Baumann: „Wir brauchen gute Konzepte, wie wir mit weniger Ressourcen die gleiche Behandlungsqualität aufrechterhalten können“
Dass die Situation trotzdem mehr als ärgerlich sei, ist offensichtlich. „Ich verstehe die Sorgen und Ängste der Bürgerinnen und Bürger und hätte mir gewünscht, dass die Bereitschaftspraxen erhalten blieben. Gesundheit ist für die Menschen ein wichtiges Thema“, so Baumann, der sich seit Bekanntwerden der Pläne für den Erhalt der Praxis in Schwetzingen eingesetzt hat. „Ich weiß, dass solche Umbrüche verunsichern. Aber die großen Veränderungen im Gesundheitswesen dürfen wir nicht ignorieren. Wir müssen uns zukunftsfähig aufstellen, wenn wir eine gute medizinische Versorgung für die Zukunft sichern wollen“, erklärt der Abgeordnete, der sich jedoch ein vollkommen anderes Vorgehen seitens der KVBW gewünscht hätte. „Wir brauchen gute Konzepte, wir brauchen Ideen, wie wir mit weniger Ressourcen die gleiche Behandlungsqualität aufrechterhalten können. Aber das geht nicht, indem man den zweiten Schritt vor dem ersten macht“, meint Baumann. Der hätte sich gewünscht, dass die alternativen Versorgungsstrukturen gestärkt würden, bevor die Standortdebatte eröffnet wird. „Wenn Alternativen da sind, zum Beispiel die 116 117 als zentrale Rufnummer gut funktioniert und mobilitätseingeschränkte Personen zuverlässige Fahrdienste zur nächsten Notfallpraxis bekommen, dann hätte man die Menschen besser von Reformen überzeugen können.“ Das gelte auch für den frühzeitigen Dialog mit den Städten und Gemeinden und natürlich mit den Bürgerinnen und Bürgern selbst, die man bei den Plänen hätte mitnehmen müssen.
„Wir Grünen haben zusammen mit der CDU einen Antrag auf den Weg gebracht, damit die Umstrukturierungen systematisch und effizient umgesetzt werden“, erklärt Baumann. Im Antrag der Regierungsparteien wird die KVBW unter anderem aufgefordert, schnell geeignete Strukturen zu schaffen, um die Kommunikation im Umstrukturierungsprozess zu verbessern. Ebenfalls soll das Angebot unter der 116 117 verlässlich ausgebaut werden und die Verzahnung verschiedener medizinischer Bereiche besser aufeinander abgestimmt werden. „Wir nehmen die KVBW beim Wort und werden scharf beobachten, ob die versprochenen Leistungen umgesetzt werden. Das bedeutet neben zuverlässiger Erreichbarkeit auch die zuverlässige Versorgung mit Fahrdiensten für mobilitätseingeschränkte Personen“, so Baumann.

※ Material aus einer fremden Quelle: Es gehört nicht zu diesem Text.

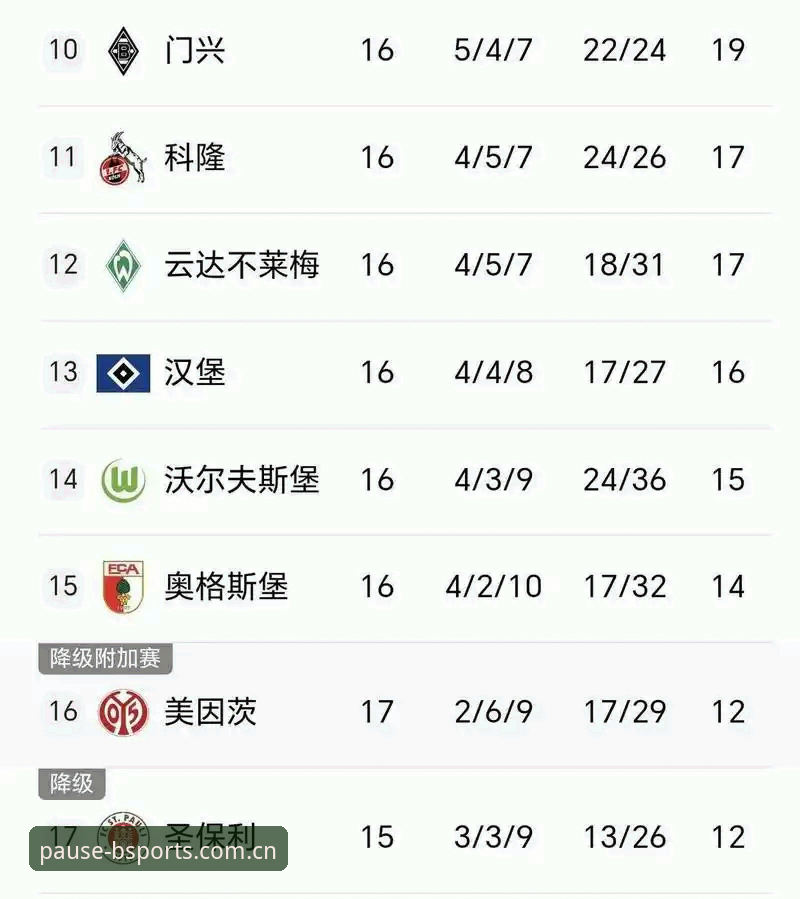 从德国队7-1血洗到2-1绝杀：BSports官方主页积分榜与射手榜数据使用指南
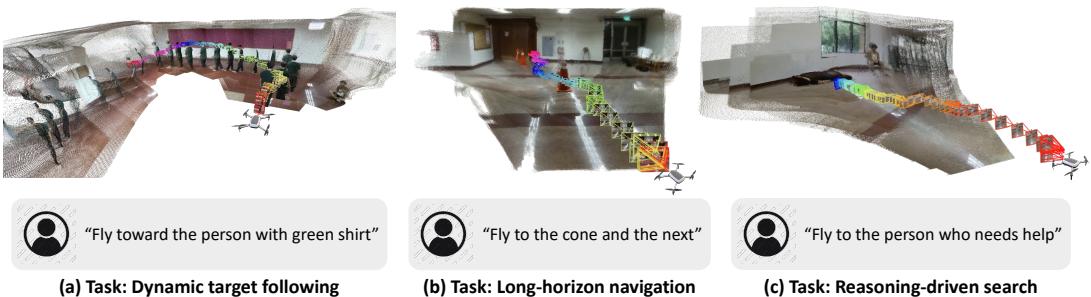 Three scenarios of drone navigation: following a dynamic target, navigating a long hallway, and searching for a person.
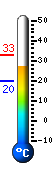 Actual: 23.4°C, Máx: 24.8°C, Mín: 23.3°C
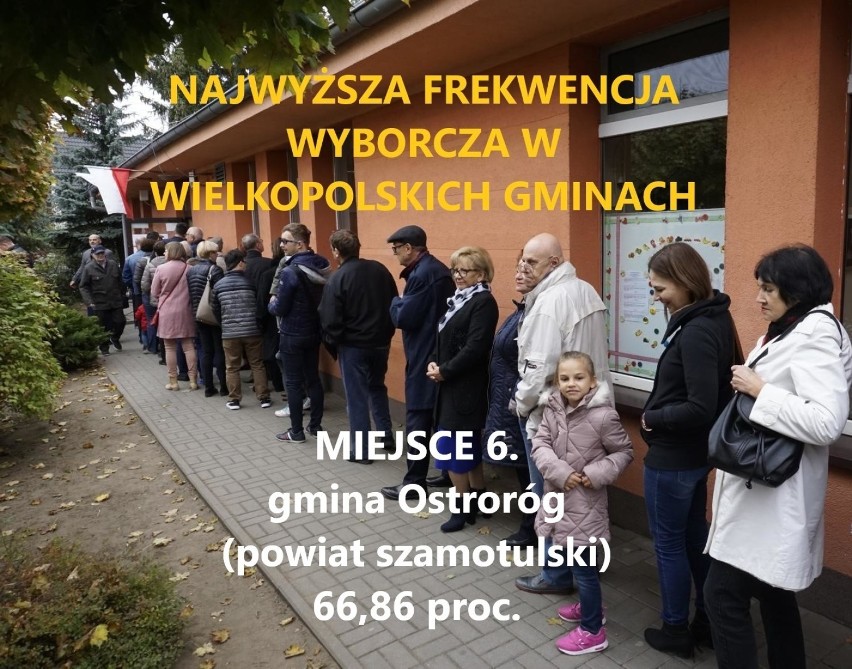 ZOBACZ TEŻ: Gdzie w Poznaniu była najwyższa frekwencja? [TOP...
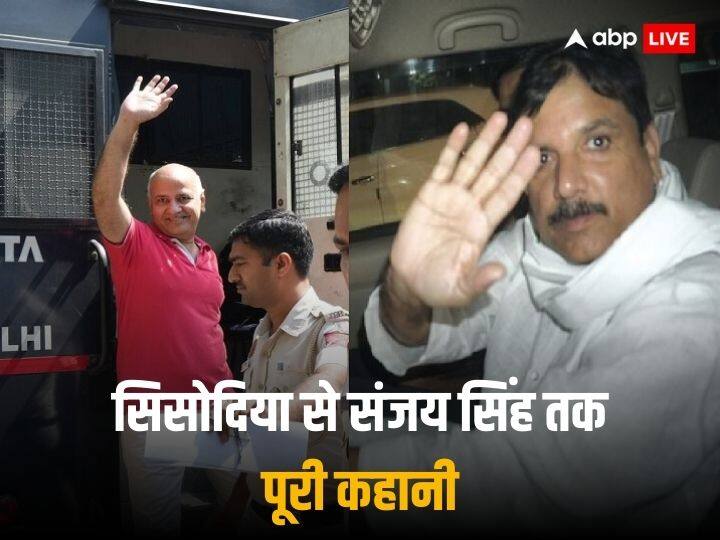 पढ़ें- 14 महीने में दिल्ली की शराब नीति मामले में अब तक क्या-क्या हुआ पढ़ें- 14 महीने में दिल्ली की शराब नीति मामले में अब तक क्या-क्या हुआ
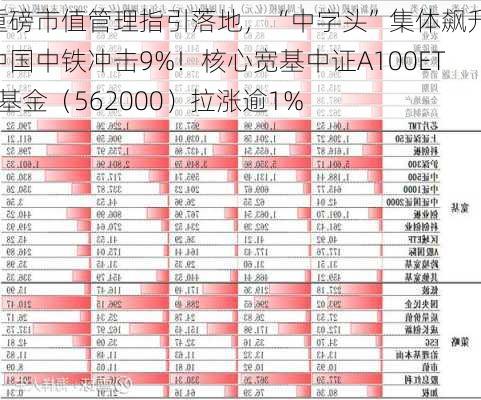 重磅市值管理指引落地，“中字头”集体飙升，中国中铁冲击9%！核心宽基中证A100ETF基金（562000）拉涨逾1%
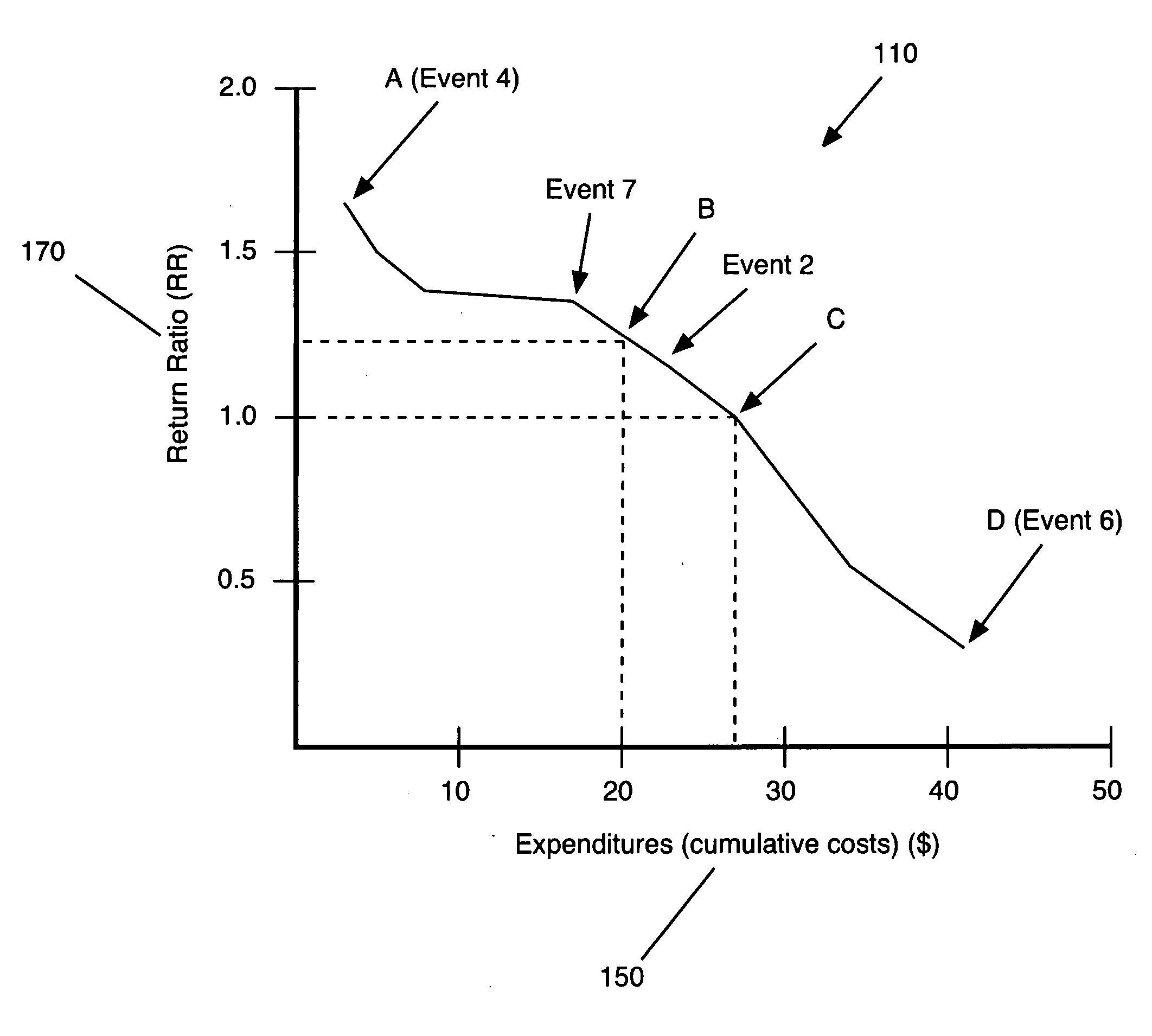 Method, system, and program product for graphically representing a marketing optimization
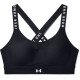 Жіночий топ Under Armour Infinity High Bra -S - чорний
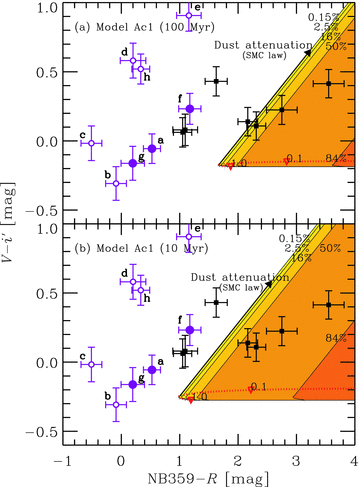 Same as Fig. 6 but a comparison with the escaping nebular LyC scenario of a continuous star-forming galaxy with Z = 1/50 Z⊙ (model Ac1). (a) age from the onset of star formation of 100 Myr and (b) 10 Myr. The dotted curves indicate colour sequences as a function of the escape fraction of stellar LyC with the minimum IGM attenuation. The symbols indicate the positions with the escape fraction of 1.0, 0.1 or 0.01. The shaded regions indicate the regions explained with a combination of IGM and dust attenuations. From thin to thick, the cumulative probability to have the amount of the IGM attenuation increases. The SMC extinction law is adopted for the dust attenuation as shown by the solid arrow. The nebular gas temperature is assumed to be 1 × 104 K.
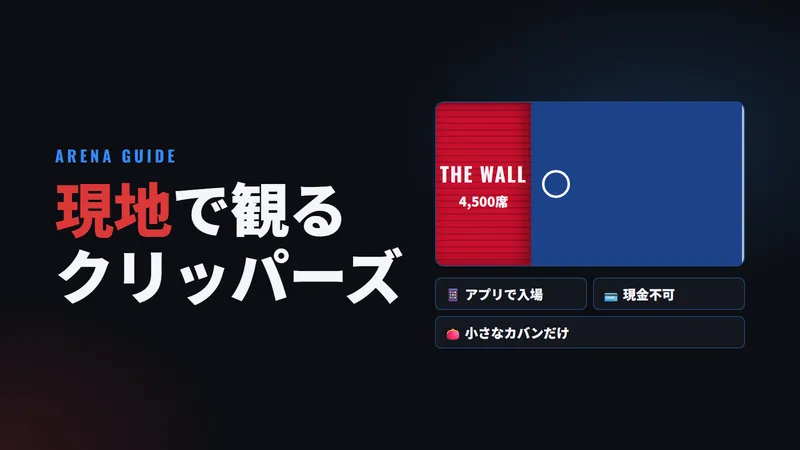 インテュイット・ドーム
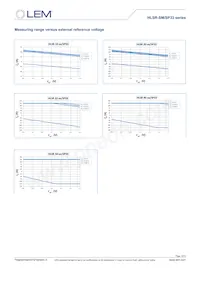 HLSR 40-SM/SP33 Datasheet Pagina 10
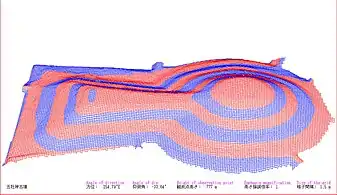 An example of keyhole-shaped mound in the Early Kofun period which was drawn in 3DCG.(Gosashi Kofun (Nara, Nara), 4th century)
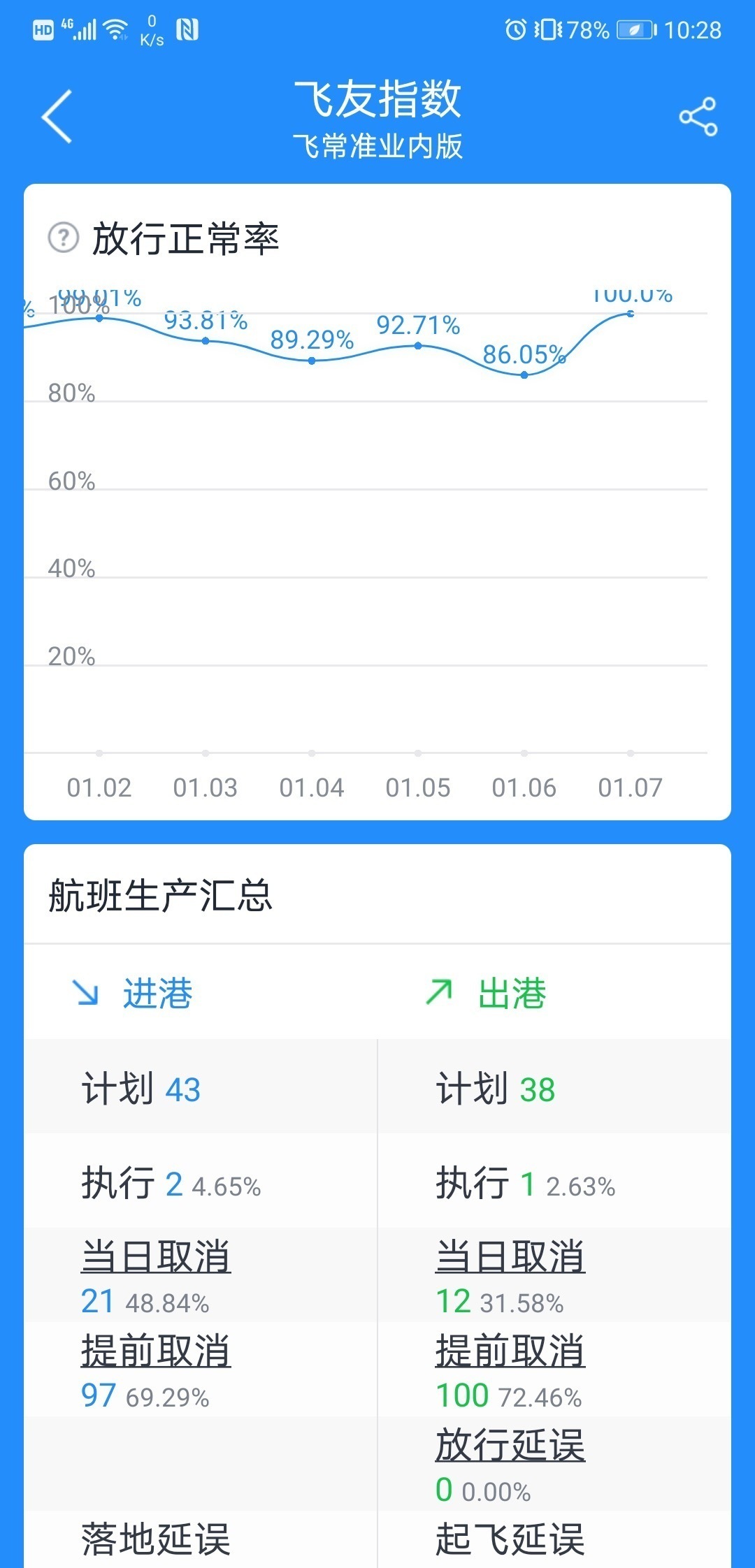 出入石家庄最新规定 13fc6ddf-342a-49b6-89f2-10720cad00eb.jpg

Was bedeutet das nun für den Standort Schwetzingen? Für Baumann ist klar: „Ich stehe nach wie vor zum Standort Schwetzingen, auch weil hier die Voraussetzungen andere sind. Der Bereitschaftspraxis in Schwetzingen geht es gut. Sie hat kein Problem damit, Personal zu finden, denn viele niedergelassene Ärzte verrichten hier gerne ihren Dienst. Auch finanziell trägt sich die Praxis. Darum sehe ich keinerlei Grund, gerade diese gut funktionierende Praxis zu schließen, zumal eine Schließung auch keine Verbesserungen für andere Standorte bedeuten würde“, sagt Baumann, der auch weiterhin mit allen Akteuren im Gespräch bleibt, um die drohende Schließung am Standort Schwetzingen abzuwenden.